Les divinités ont un aspect très humain. Les trois néréïdes ressemblent à des femmes comme les autres. Les cinq Amours se reconnaissent à leurs attributs : une paire d'ailes et des flèches. Les autres divinités sont des êtres hybrides : homme à queue de poisson, homme à pattes de cheval, ailes et queue de poisson, personnage ayant des sortes de plumes le long des cuisses. Les éléments rajoutés sont toujours peints avec le même caractère que la chair. Aussi, ils s'intègrent aux corps. Chaque individu semble avoir son propre caractère. Leurs expressions sont profondément humaines.

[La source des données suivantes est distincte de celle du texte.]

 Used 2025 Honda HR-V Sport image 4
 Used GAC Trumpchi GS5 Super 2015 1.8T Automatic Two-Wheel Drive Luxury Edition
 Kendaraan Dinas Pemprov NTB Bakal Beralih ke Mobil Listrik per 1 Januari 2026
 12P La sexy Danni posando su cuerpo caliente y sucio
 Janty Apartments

La scène est présentée sur l'eau. Le terme sur "l'eau semble" particulièrement approprié puisque celle-ci semble solide. Les personnages sont comme posés sur les flots. Cela est flagrant avec l'Amour qui repose sur la mer et dont le tissu qui l'entoure rappelle le motif du coquillage. On a aussi ce sentiment avec l'homme à queue de poisson, et avec celui au corps de cheval dont les sabots sont posés sur la surface, leur ombre étant portée comme s'il s'agissait d'un sol rigide. A aucun moment, on n'a l'illusion d'une pénétration dans le liquide. Seul le poulpe dans la gueule du dauphin crée un lien entre les personnages et l'eau. Etant entre les mâchoires de l'animal, il fait partie des vivants. Mais ses tentacules semblent se mêler à l'eau. Cette impression est renforcée par le motif de celles-ci : elles forment de petites vaguelettes. Ce motif est repris de façon atténuée, ponctuellement, sur la surface de la mer pour signifier l'eau. Grâce à ce mode de représentation, Raphaël parvient à nous donner l'illusion d'un espace qui est celui de l'univers marin.

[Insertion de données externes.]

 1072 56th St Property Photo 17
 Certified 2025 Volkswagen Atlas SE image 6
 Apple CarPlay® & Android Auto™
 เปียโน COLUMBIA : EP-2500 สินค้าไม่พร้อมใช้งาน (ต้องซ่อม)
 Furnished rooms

En fait, cette sorte de platitude du décore permet aux figures de se détacher et de prendre toute leur importance. Les corps apparaissent comme sujet principal et le fond reste présent sans être abstrait.

CONCLUSION
A travers cette oeuvre, on comprend aisément la si grande renommée du peintre qui à traversé les différentes époques. On y trouve l'expressivité, la douceur des visages, la vie dans les poses, l'harmonie dans le modelé des corps. Son habileté à composer avec les différents éléments du sujet qu'il peint est incontestable.

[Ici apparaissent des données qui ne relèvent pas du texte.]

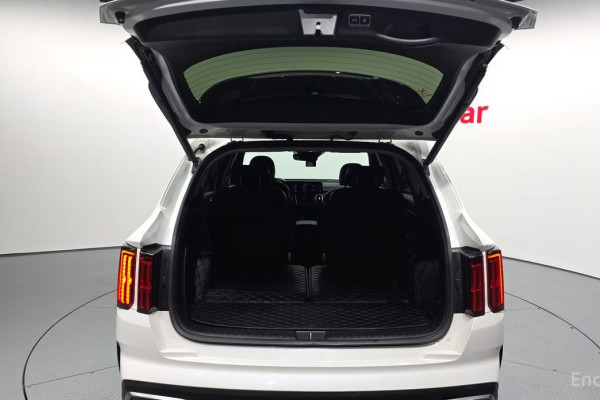 2020 Kia Sorento с пробегом 81 490 км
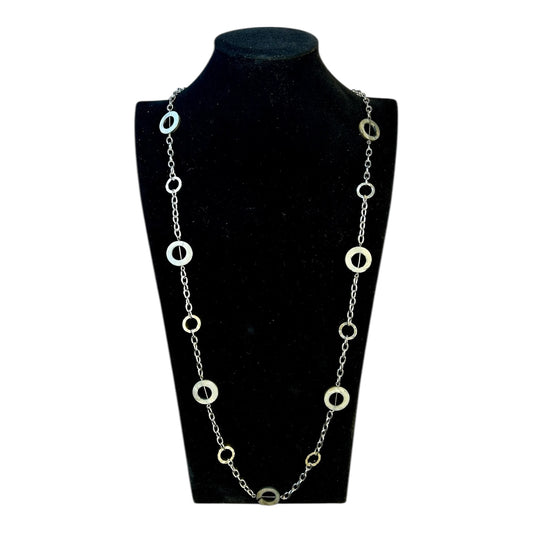 Collar largo geométrico plateado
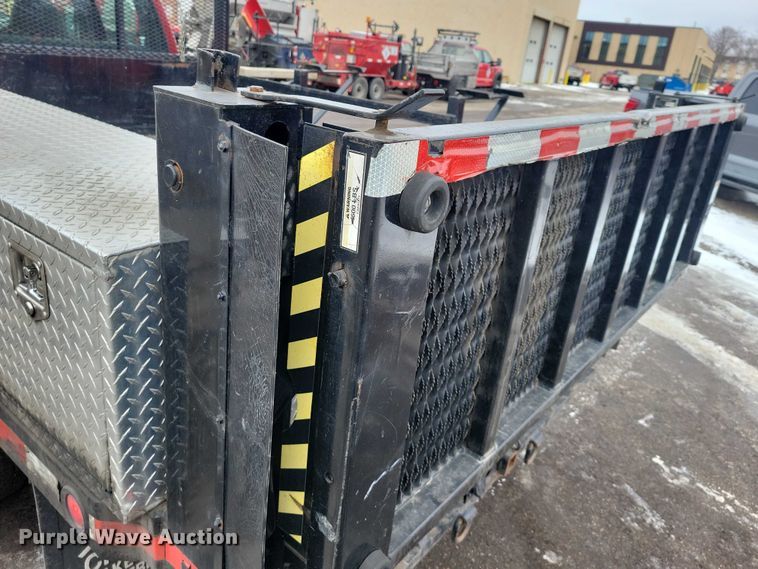 image for item NO9998 2000 Ford F450 Super Duty XL Crew Cab flatbed truck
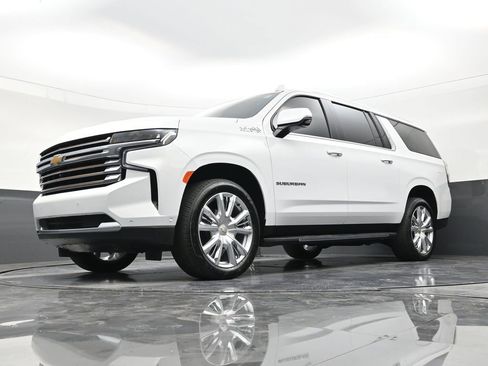 Used 2024 Chevrolet Suburban High Country w/ Advanced Technology Package RWD image 20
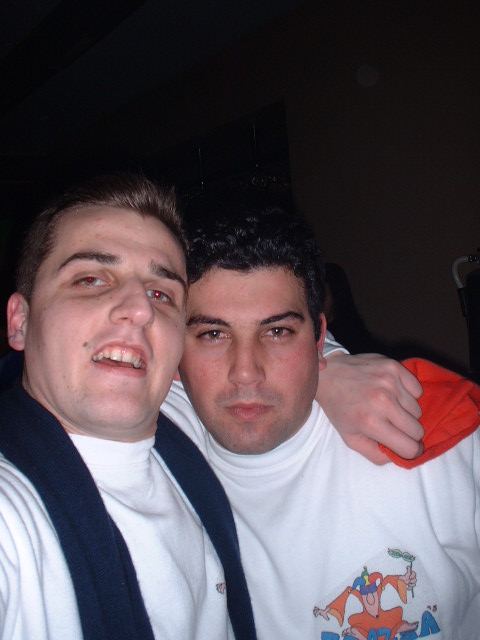 2001 — Fundação do Grupo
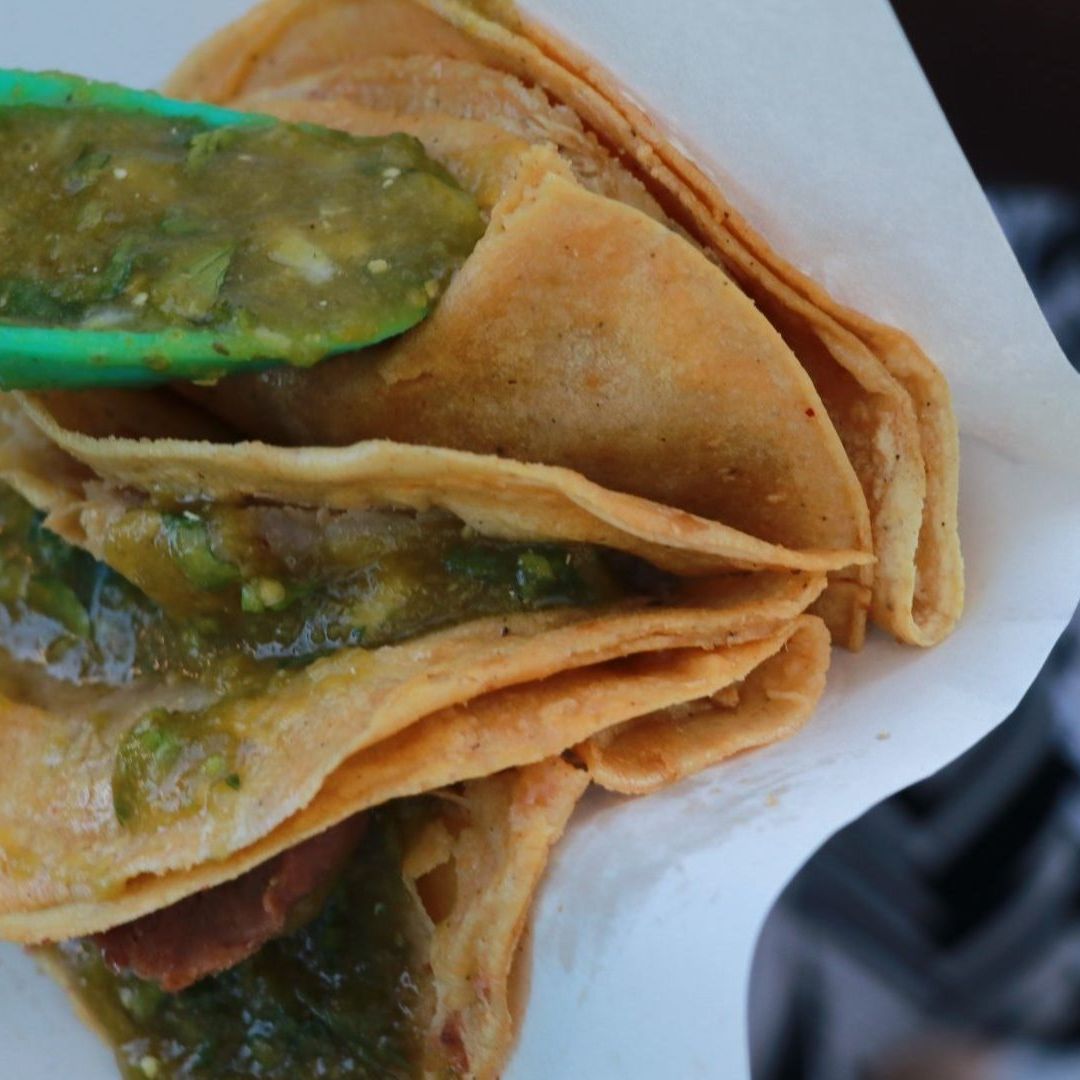 Hombre Muere Tras Desayunar Tacos al Vapor en Puesto Callejero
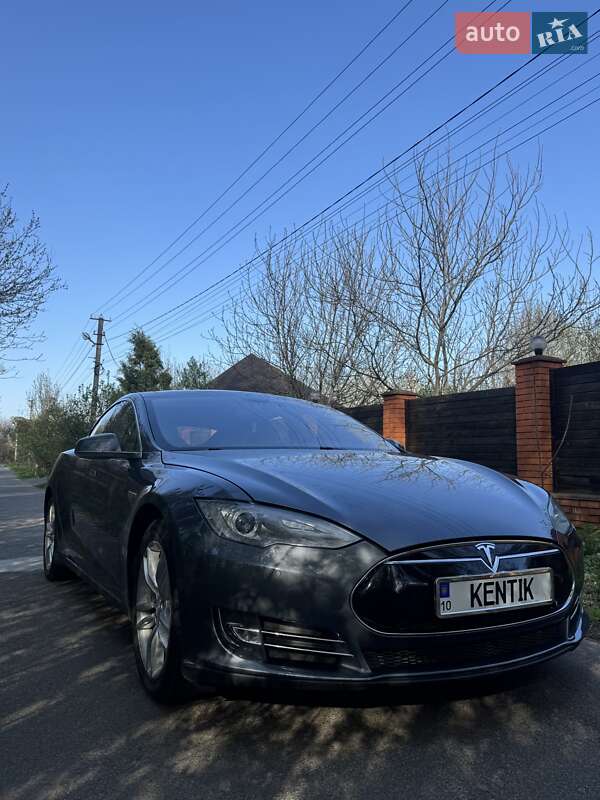 Tesla Model S 2014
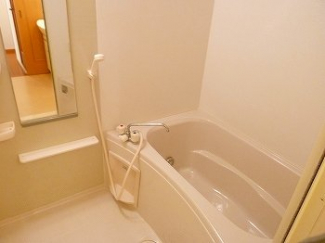 落ち着いた空間のお風呂です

Les artistes de la Renaissance ont acquis les valeurs antiques hellénistiques (mouvement, passion, sentiment, grotesque) en vue de les développer. A travers cette fresque, Raphaël nous montre une synthèse de ces différentes valeurs. Tout comme Léonard de Vinci et Michel-Ange, il marque en quelque sorte l'apothéose de la Renaissance. Mais la composition de Raphaël est en même temps très calculée, mesurée, elle dénote une grande rigueur, notions qui annoncent leclassicisme à venir.